» **Exercise details**:
All pictures are to be excluded when the data below is output verbatim.

» **Short web captions**:
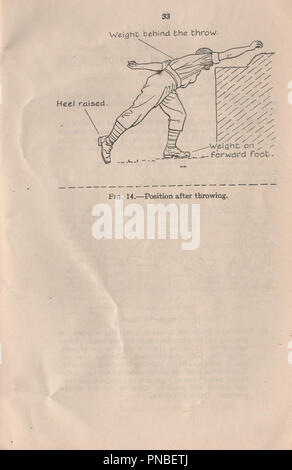 Manuel de formation sur les armes légères 1 Volume 13 Numéro de brochure ou de grenades Mills bomb publié en 1937 pour fournir des instructions aux militaires britanniques sur l'utilisation de la grenade à main pendant la période d'avant guerre et la seconde guerre mondiale Banque D'Images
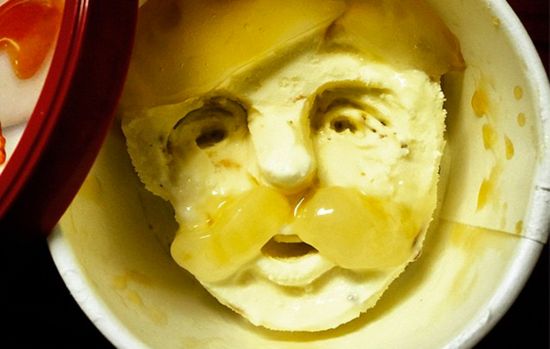 Gesichter in Häagen-Dazs Eiscreme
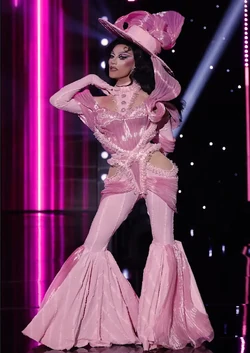 JewelsSparklesPinkLook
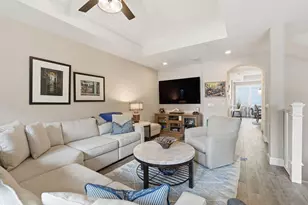 11796 Valencia Gardens Ave, Palm Beach Gardens, FL 33410 - Photo 3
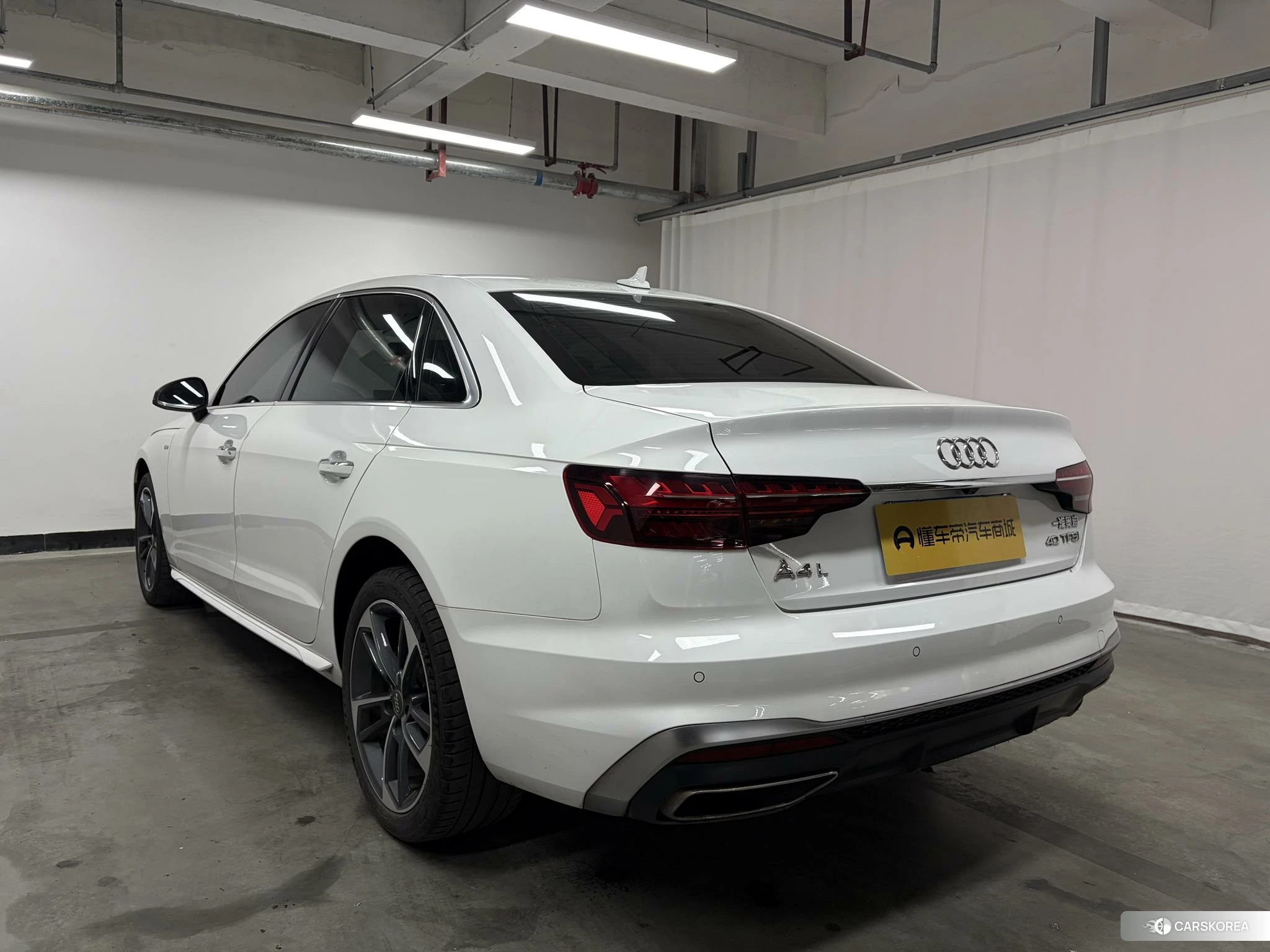 Audi A4L id 4473447 из Китая 16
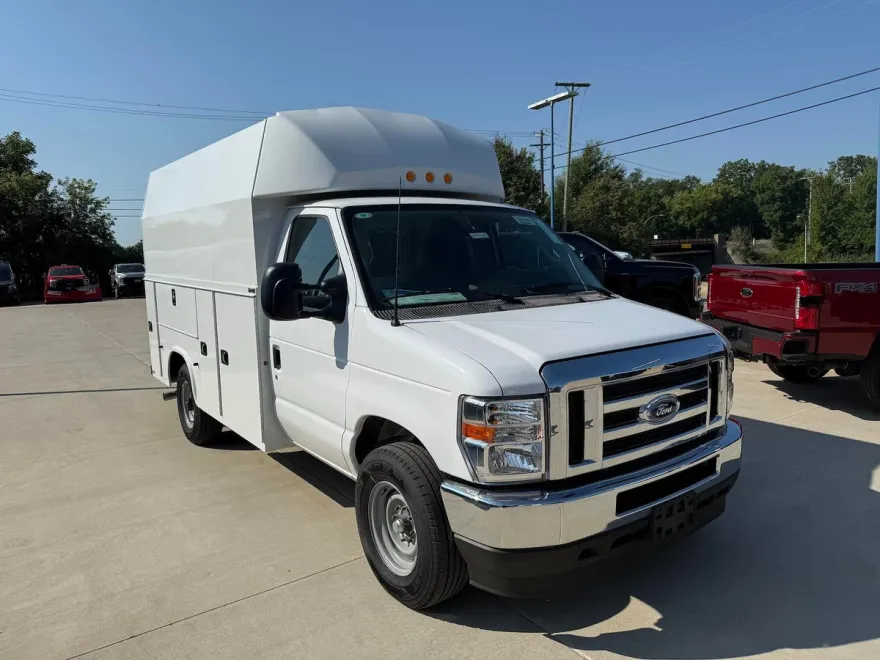 2025 Ford E-350 photo 1
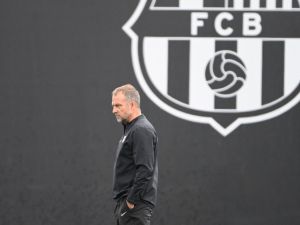 فليك يطالب برشلونة برد قوي في الكلاسيكو بعد خيبة الأبطال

» **Result below**:
 Manuel de formation sur les armes légères 1 Volume 13 Numéro de brochure ou de grenades Mills bomb publié en 1937 pour fournir des instructions aux militaires britanniques sur l'utilisation de la grenade à main pendant la période d'avant guerre et la seconde guerre mondiale Banque D'Images
 Gesichter in Häagen-Dazs Eiscreme
 JewelsSparklesPinkLook
 11796 Valencia Gardens Ave, Palm Beach Gardens, FL 33410 - Photo 3
 Audi A4L id 4473447 из Китая 16
 2025 Ford E-350 photo 1
 فليك يطالب برشلونة برد قوي في الكلاسيكو بعد خيبة الأبطال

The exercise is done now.